— Required work —
For this task, copy all of the data below exactly and skip the pictures.

— Data block —
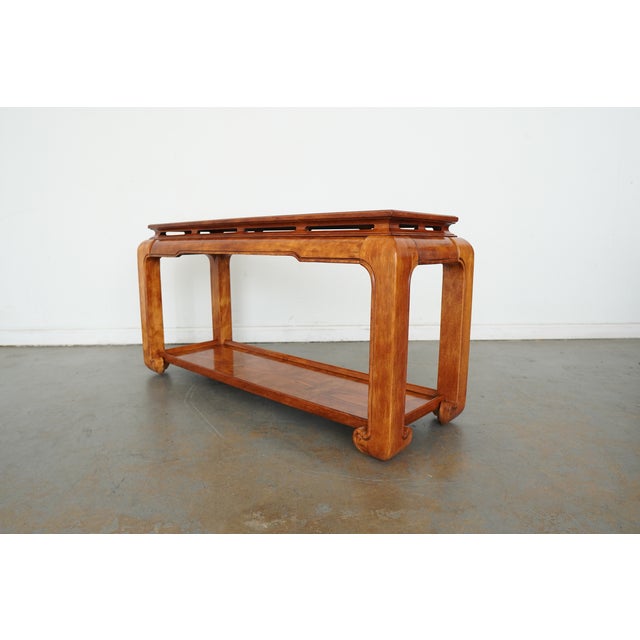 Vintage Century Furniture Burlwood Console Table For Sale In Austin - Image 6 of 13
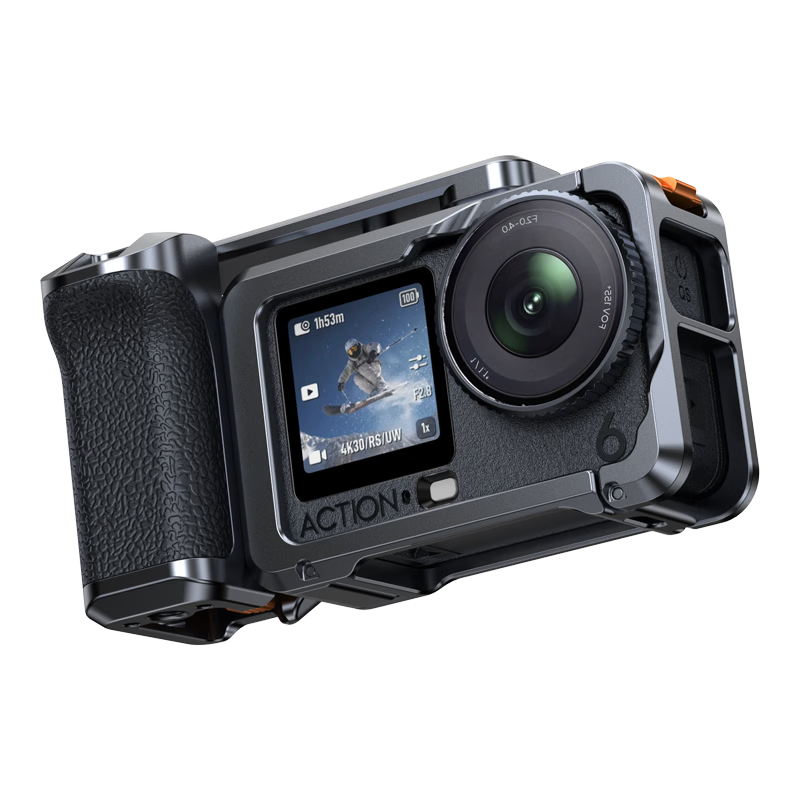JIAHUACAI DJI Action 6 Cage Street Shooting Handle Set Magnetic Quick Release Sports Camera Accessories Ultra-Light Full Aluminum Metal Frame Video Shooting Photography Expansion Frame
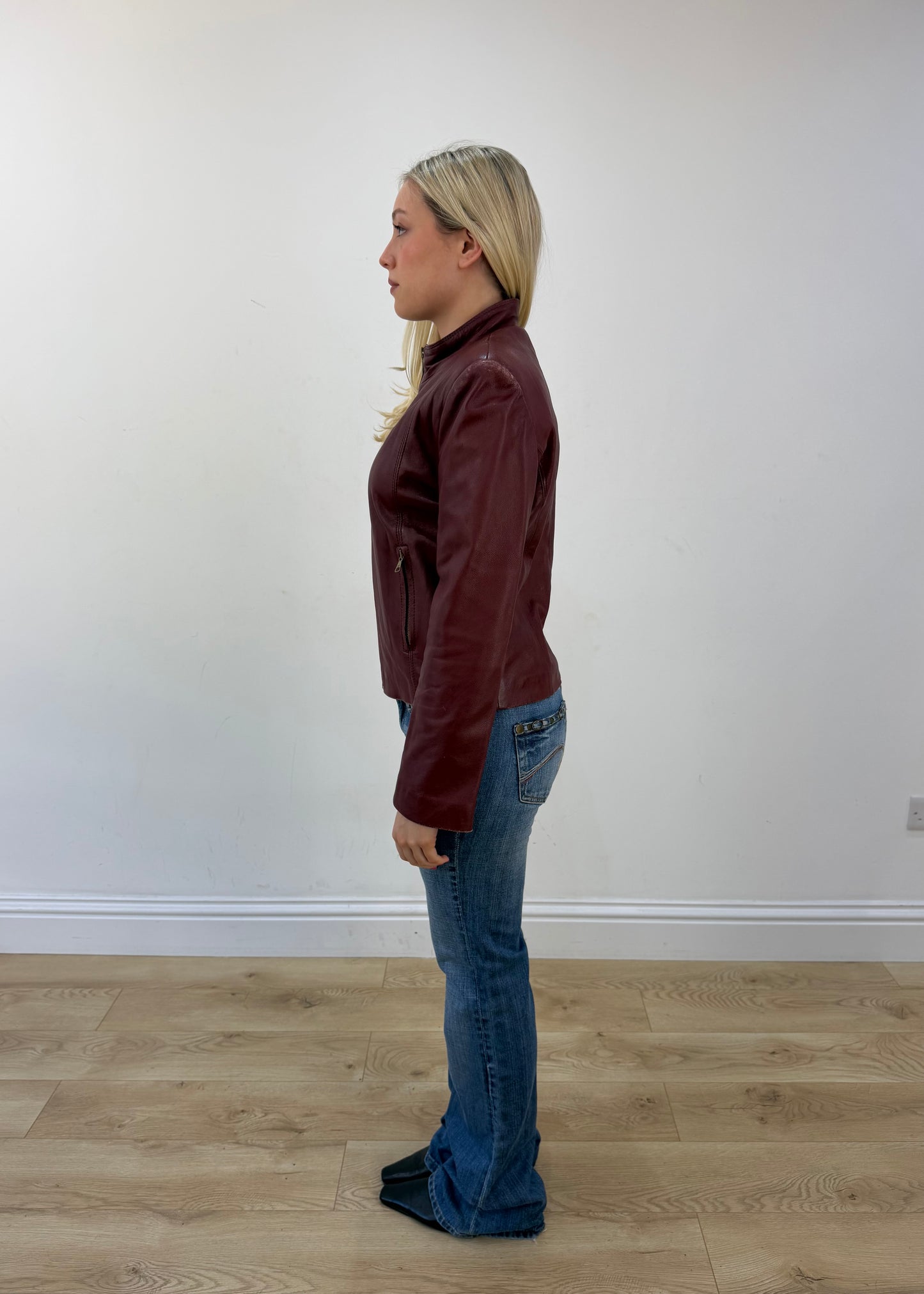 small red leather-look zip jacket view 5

— Finished task —
 Vintage Century Furniture Burlwood Console Table For Sale In Austin - Image 6 of 13
JIAHUACAI DJI Action 6 Cage Street Shooting Handle Set Magnetic Quick Release Sports Camera Accessories Ultra-Light Full Aluminum Metal Frame Video Shooting Photography Expansion Frame
 small red leather-look zip jacket view 5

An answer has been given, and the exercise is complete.